• Arena 13 (Arena 13 T.1), un sympathique début

    Arena 13 (T.1/ J. DELANEY), un sympathique début

    Ma note : 14/20

    Fiche Technique

    Titre : Arena 13

    Genres : [Young Adult] Dystopie, Révolution, Action, Fantasy, Post-Apocalyptique

    Auteur : Joseph Delaney

    Année : 2016

    Pays d'origine :  Drapeau : Royaume-Uni Royaume-Uni

    Nombre de pages : 390

    Adapté : Non

    Synopsis: Les temps sont funestes pour l’humanité qui a presque disparu de la Terre, vaincue par des machines douées de conscience. Les derniers humains vivent confinés dans le pays de Midgard, entourés par une infranchissable barrière de brouillard. Dans une citadelle vit une sinistre créature, Hob, qui exerce une tyrannie sanglante sur la population. Des arènes de combat ont été ouvertes… La plus populaire et terrifiante est l’Arena 13 : c’est là où combat Hob. Un jeune garçon de 16 ans, Leif, décide alors de l’affronter. Pour cela, il va alors convaincre le meilleur des entraîneurs, Tyron, de le former au combat…

     

    Ah, Joseph Delaney, le grand écrivain britannique qui nous a notamment servi la saga L'Épouvanteur, adapté (plus ou moins) sur le grand écran sous le nom du Septième Fils (Seventh Son). Son nom n'est donc pas inconnu aux amateurs de fantasy. 
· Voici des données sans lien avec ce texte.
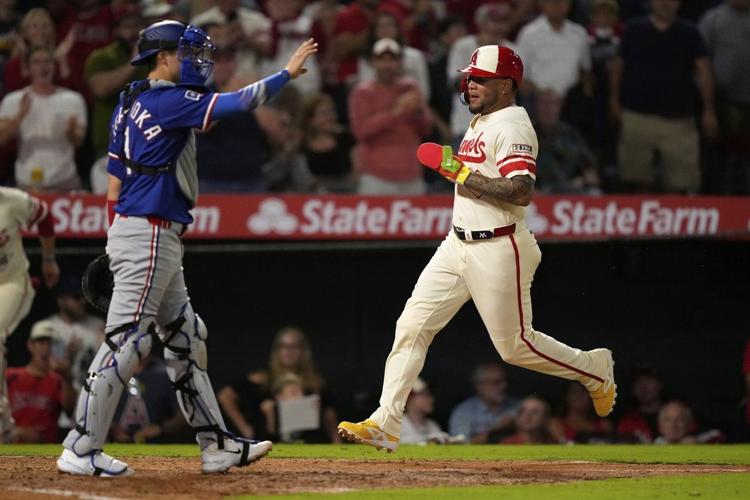 Moncada's clutch hit highlights 4-run rally that lifts Angels over Rangers 8-5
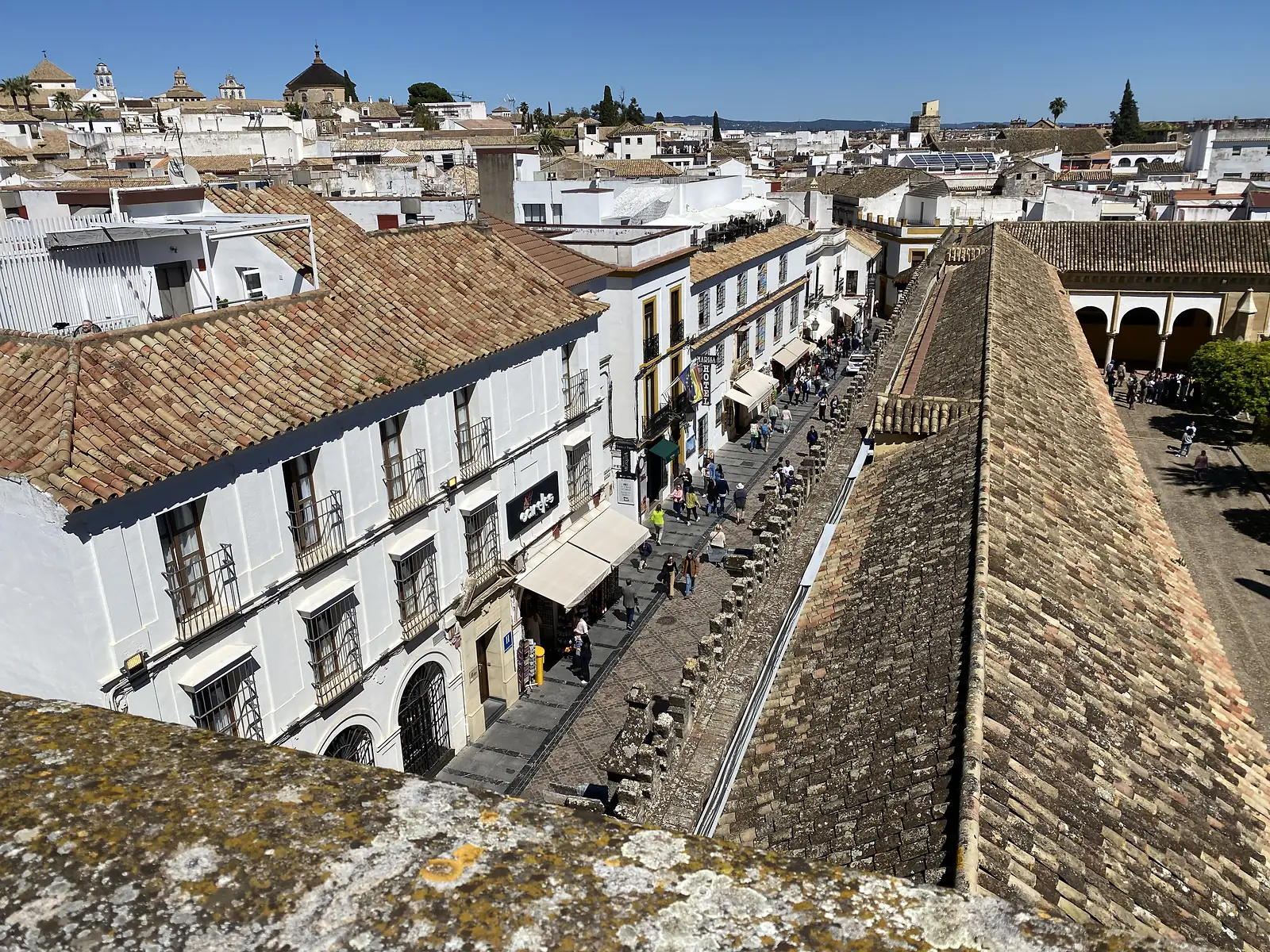 Looking down from a rooftop onto a busy pedestrian street of shops and awnings, with the white old town and a courtyard of arches beyond.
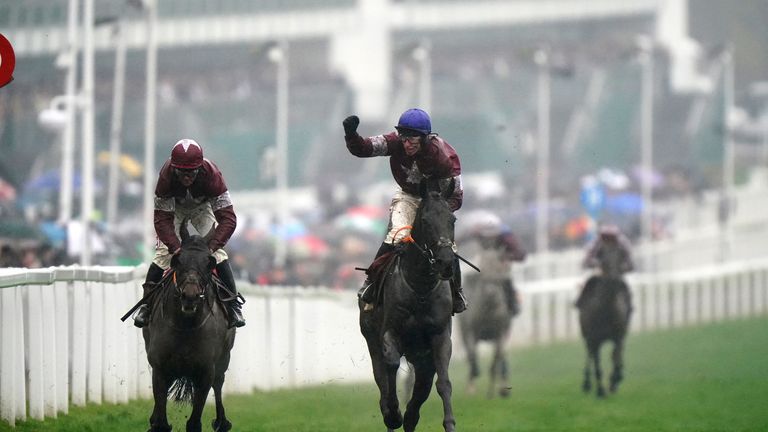 Jack Kennedy punches the air as Delta Work beats Tiger Roll at Cross Country Chase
    Arena 13 est le dernier petit né de la plume du J.K Rowling masculin (oui, j'ai osé cette comparaison) et joue un peu sur le même terrain que l'Epouvanteur.

    Grosso modo, dans un futur assez éloigné, dans un monde post-apocalyptique, les êtres humains se sont fait rétamer par leur propres créations : les djinns. A la Shingeki no Kyojin, la quasi totalité de notre espère s'est éteinte, et le reste est reclus dans un petit coin paumé : Midgard. Il leur est impossible de savoir ce qu'est advenu du monde, étant donné qu'il ne peuvent quitter Midgard qui est entourée d'un brouillard mystique qui n'a jamais laissé passer personne. Les êtres humains, qui auparavant, avaient touché du doigt une technologie plus que révolutionnaire sont tellement dans la dèche qu'ils se déplacent en calèche (véridique) et se tapent officiellement sur la gueule en combat singulier, comme au temps de César, dans la Roue. C'est un immense bâtiment à Gindeen - littéralement la seule ville du pays - qui abrite les treize arènes de combat dans lesquels les hommes de sexe masculin (j'insiste, les détenteurs des des chromosomes XY, déso les autres) s'affrontent pour le plaisir des yeux et le plaisir de l'argent. Parce que oui, même dans des conditions aussi pitoyables, le Saint Capitalisme survit. Le Saint Capitalisme survit toujours. 

    Arena 13 (T.1/ J. DELANEY), un sympathique début

    Terrorisée par Hob, un djinn sans pitié qui aspire les âmes, l'Humanité traverse de bien tristes années.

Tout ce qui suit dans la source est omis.